Rachi explique, sur les mots « à leurs yeux » : il ne l’emprisonna que devant eux, mais après leur départ, il le fit sortir, lui donna à manger et à boire.

Quand les frères de Yossef arrivèrent en Égypte, celui-ci les reconnut immédiatement et décida de ne pas leur dévoiler son identité ; il prétendit plutôt les suspecter d’être venus espionner le pays. Il fit emprisonner l’un d’entre eux, Chimon. ‘Hazal notent que parmi toute la fratrie, Chimon et Lévi étaient les principaux instigateurs du complot contre la vie de Yossef. En effet, Rachi affirme que Chimon fut celui qui mit en place le projet du meurtre et qu’ensuite, c’est lui qui le jeta dans le puits.

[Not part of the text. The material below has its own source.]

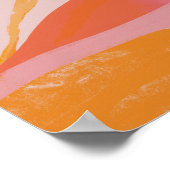 Abstracte fauna - Tangerine & Perziktoon Poster (Hoek)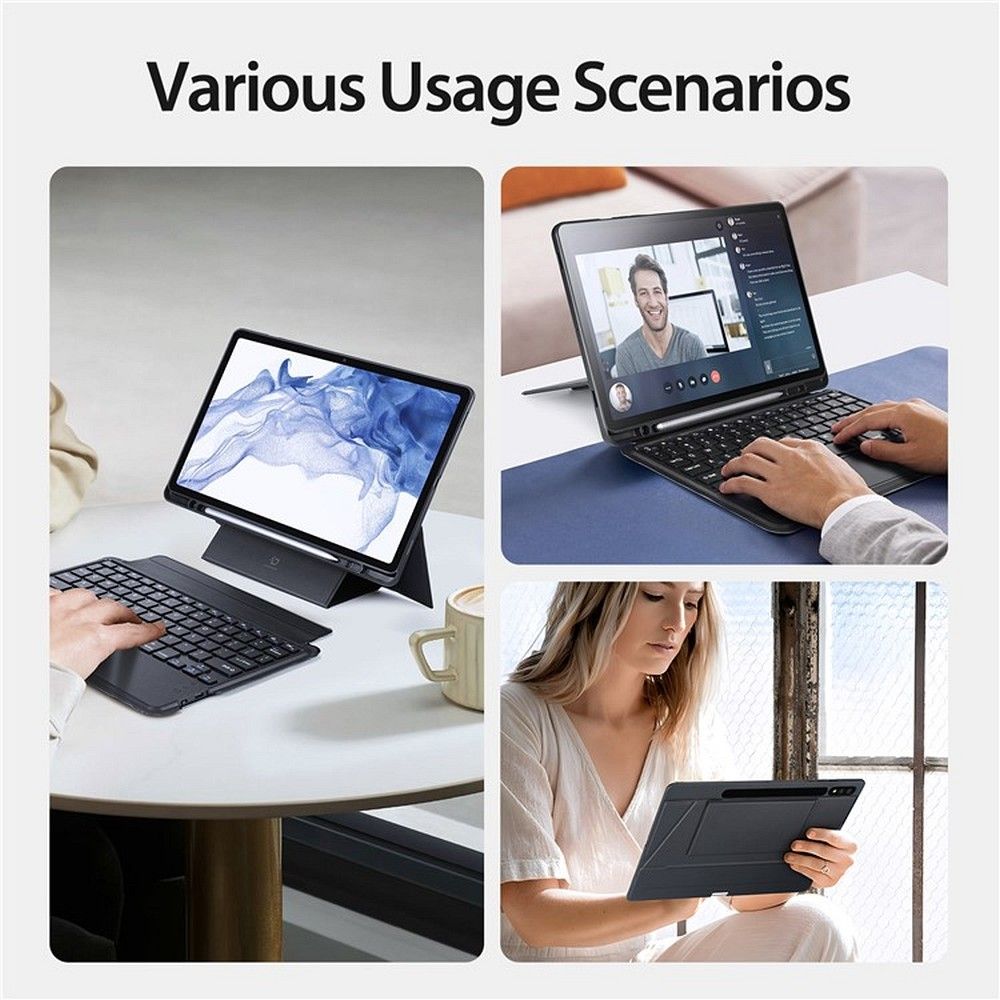 DUX DUCIS case DK foldable with Wireless Keyboard for SAMSUNG Tab S8 (X700/X706)/S7 (T870/T875/T876B) black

Yossef emprisonna donc Chimon et libèra les autres frères. Il avait plusieurs raisons de s’en prendre particulièrement à Chimon[1], mais il est évident qu’il n’était nullement motivé par un désir de revanche. Preuve en est, dès le départ des autres frères, Yossef libéra Chimon et le nourrit. Le midrach ajoute qu’il se soucia personnellement de son repas et de sa toilette.[2]
 

Pourquoi en faire autant ? N’était-il pas suffisant de le faire sortir de son cachot ? Pourquoi se soucia-t-il de son confort matériel et se comporta-t-il comme son valet ?!

Rav Israël Salanter zatsal nous enseigne que lorsque l’on subit une insulte ou un préjudice et que l’offenseur s’excuse, il ne suffit pas de pardonner, il faut aller jusqu’à agir avec bienveillance envers lui, parce que pour rétablir les bons sentiments entre les deux personnes, il faut rendre le mal par le bien.[3]

 Rav Israël Salanter avance deux raisons pour une telle attitude. Tout d’abord, il s’agit de la mitsva de « véalakheta biderakhav » — émuler les qualités d’Hachem. Hachem « rembourse » constamment la déloyauté du fauteur par des bienfaits ; même après la faute et avant le repentir, cet individu continue de jouir la vie et de Ses faveurs. Nous savons qu’Hachem renouvelle constamment le monde ; à chaque instant, Il accomplit un nouveau bienfait pour Ses créatures. Ainsi, l’existence même du mécréant malgré son attitude incorrecte témoigne de la patience et de la bienveillance d’Hachem.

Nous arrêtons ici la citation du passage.